Avevo 19 anni e facevo il droghiere: la mia famiglia è sempre stata antifascista e non feci molta fatica a diventare partigiano.
Io facevo parte di una squadra con il compito di individuare i gerarchi fascisti responsabili del terrorismo e le spie al servizio delle SS tedesche.
Una mattina dell’estate 1944, insieme ai compagni Gioti e «Pocc», stavo avviandomi fuori porta Zamboni per bloccare nella sua abitazione, prima che uscisse, un capitano della milizia fascista responsabile di eccidi di partigiani.
Nel sorteggio che quella volta facemmo io ero stato scelto a compiere l’azione personalmente: gli altri compagni sarebbero rimasti all’esterno ad aiutarmi.
Mentre mi avvicino alla casa del gerarca mi accorgo che nella strada c’era un assembramento fascista.
Io ero in bicicletta e armato di due pistole: non potevo più tornare indietro e decisi di affrontare il rischio.
Mi fermarono e uno di essi mi chiamò per nome. Ormai non c’era più speranza di venirne fuori.
Uno di questi disse: «Vieni avanti».
E io che volevo che fossero loro ad avvicinarsi, dissi: «Cosa volete?»
Intanto mi venivano incontro minacciosi. Io allora estrassi la pistola e sparai cercando di colpirne il più possibile.

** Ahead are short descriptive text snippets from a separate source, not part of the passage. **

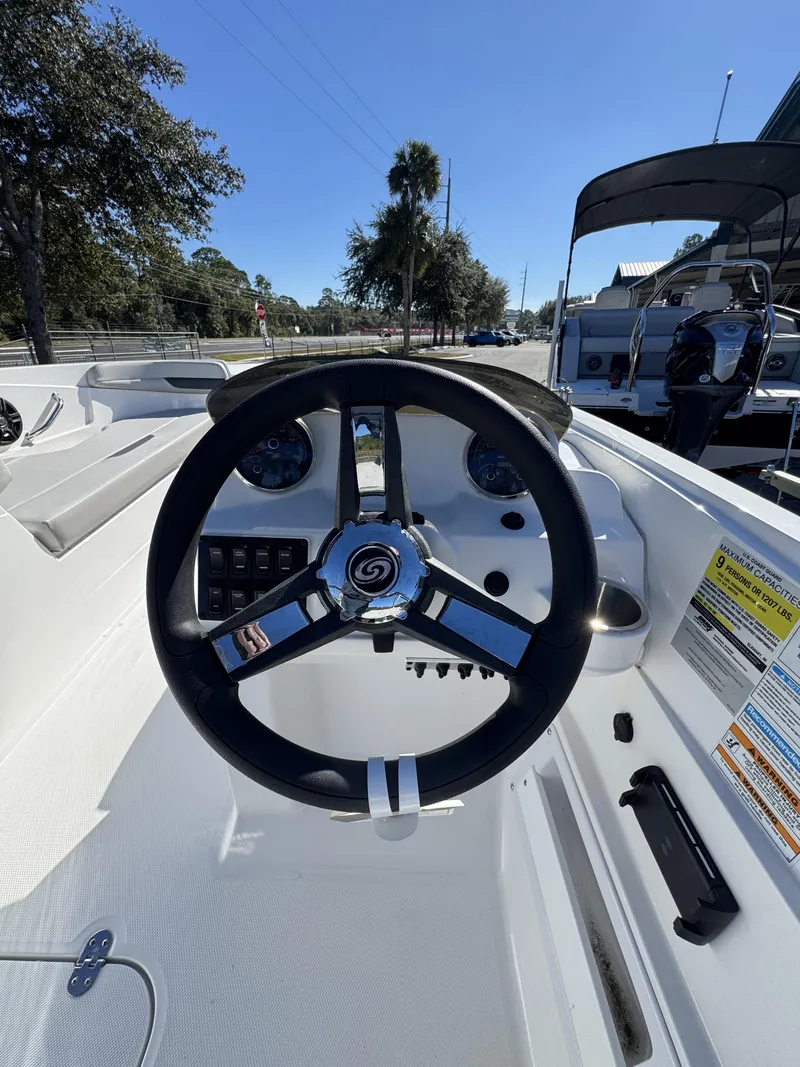 Slide: The Image of Hurricane SunDeck Sport 185 OB 2025 - 20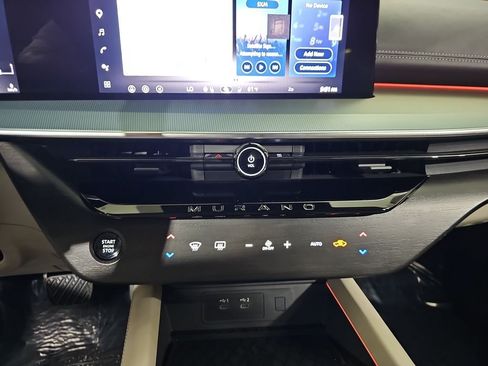 Used 2025 Nissan Murano SL w/ Cargo Package AWD/4WD image 23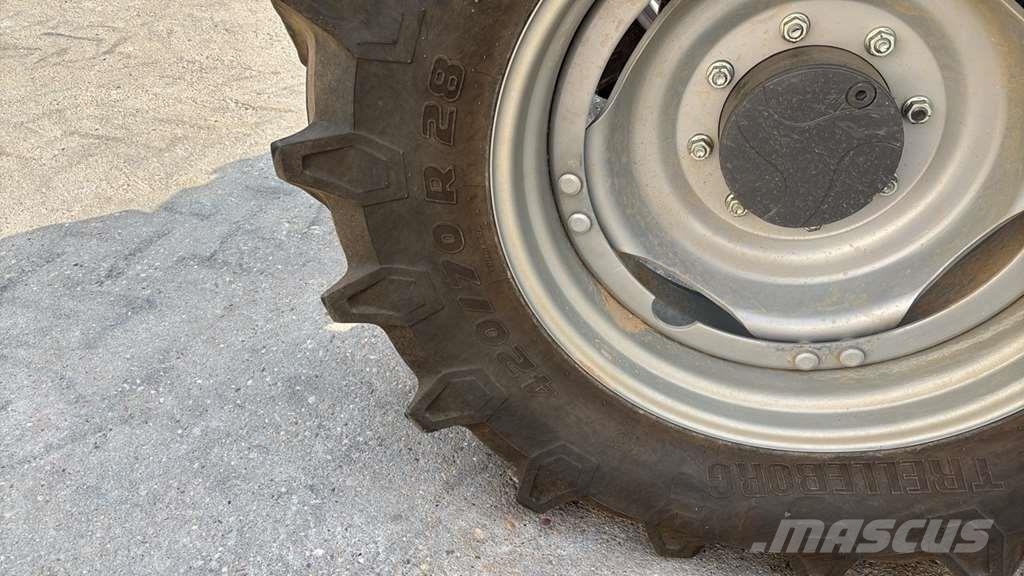 Massey Ferguson MF 5712 M Traktori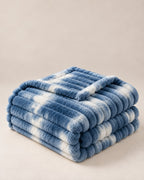 Plaid polaire côtelé Douillette, coloris tie-dye bleu denim, plié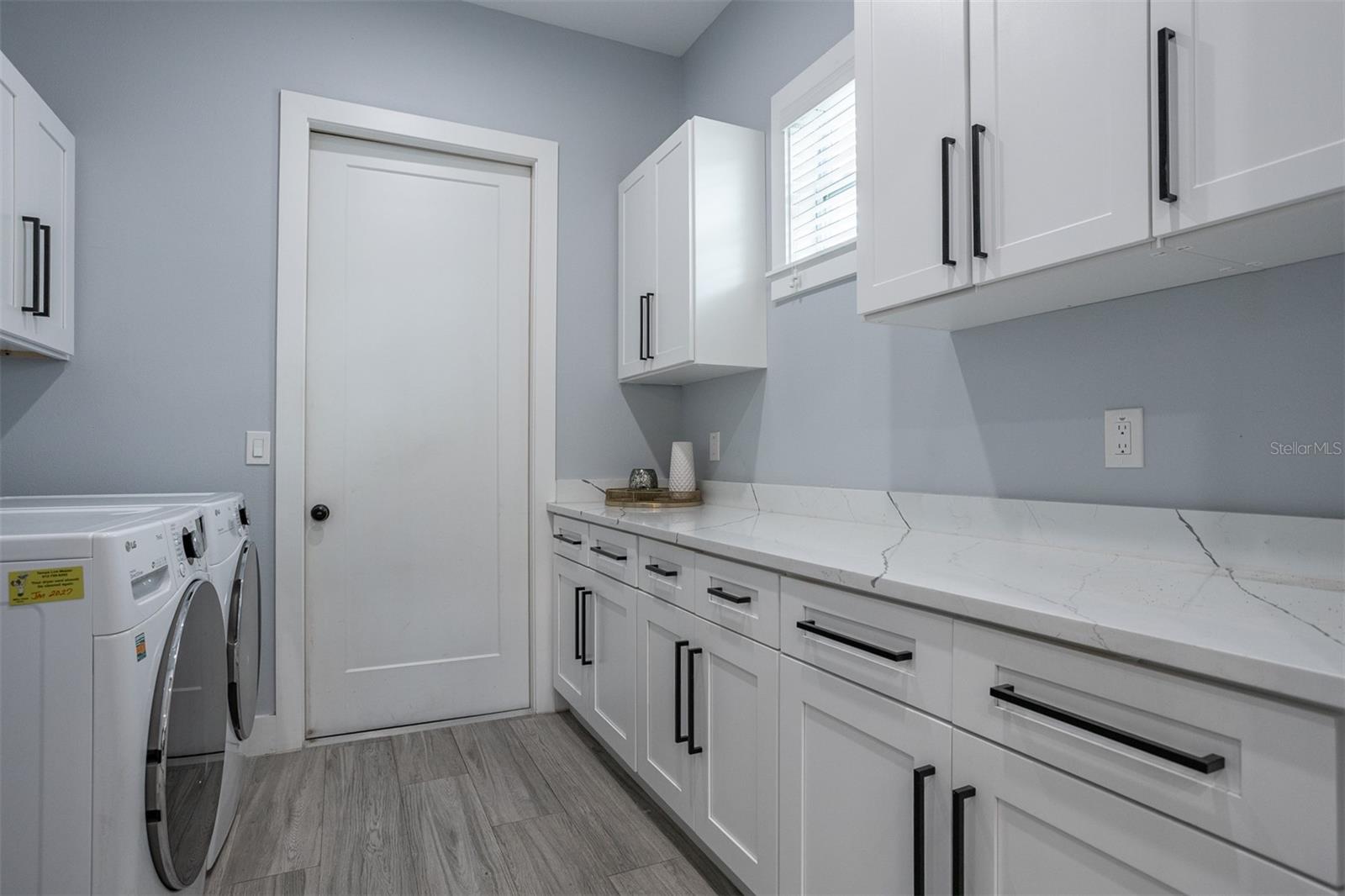 Image 29 of 35 For 3301 Dewey Street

Ne distesi tre o quattro e gli altri, sorpresi, si sbandarono.
Dopo un attimo di esitazione dovuto al fatto che non sapevo se fuggire a piedi o in bicicletta, decisi per la bicicletta, superai il blocco facilitato dal fatto che i fascisti si erano per il momento rifugiati da qualche parte.
Qualche attimo dopo sentii raffiche di mitra che mi fischiavano attorno e io andavo al massimo della velocità, procedendo a zig-zag.
Non mi colpirono e riuscii a infilare le strade di campagna e poi a raggiungere la base di via dei Mille.
Anche Gioti e «Pocc» si erano salvati, dileguandosi in tempo.
Alla fine dell’ottobre 1944 i tedeschi sorpresero tre partigiani, Bartolini, Pizzoli e Zuppiroli, in una casa colonica fuori porta Galliera.
Li arrestarono e poi li impiccarono a Corticella attaccati ai cavi del tram.
Io ero nella fornace della Casa Buia, con altri partigiani, quando i tedeschi fecero il rastrellamento e mio padre ci avvertì in tempo e noi potemmo andarcene.
Al ritorno caddi però nel rastrellamento tedesco; mi arrestarono e mi rinchiusero nel porcile della stessa casa dove c’erano dei partigiani.
Mi lasciarono lì tutta la notte e io sentivo che i tedeschi stavano saccheggiando tutto.
Al mattino mi fecero caricare tutta la refurtiva sui carri e poi mi legarono le mani dietro la schiena e mi portarono al comando tedesco di Corticella, mi interrogarono poi mi trasferirono al comando tedesco di via d’Azeglio.
Mi interrogarono ancora e poi mi misero in prigione nella caserma dei rastrellati nell’artiglieria.
La caserma era piena di disperati. Si sospettava che ci avrebbero tutti mandati nei campi di concentramento in Germania.
Io pensai subito di fuggire.
Poi vennero alcuni briganti neri e chiesero se c’era qualcuno che fosse disposto ad andare a Cremona a lavorare per i fascisti: io dissi subito di sì e con me un’altra ventina di giovani.
Allora ci portarono nella caserma di via Castelfidardo, in attesa della partenza.
La mia idea era quella di partire e poi di eliminare la scorta fascista durante il viaggio, ma nessuno fu entusiasta di questo mio piano e allora decisi di fuggire da solo.
E ci riuscii la stessa notte proprio sotto gli occhi della guardia.
Non andai nemmeno a casa.
Poche ore dopo ero già nella base partigiana di via Lame coi miei compagni della 7ª GAP.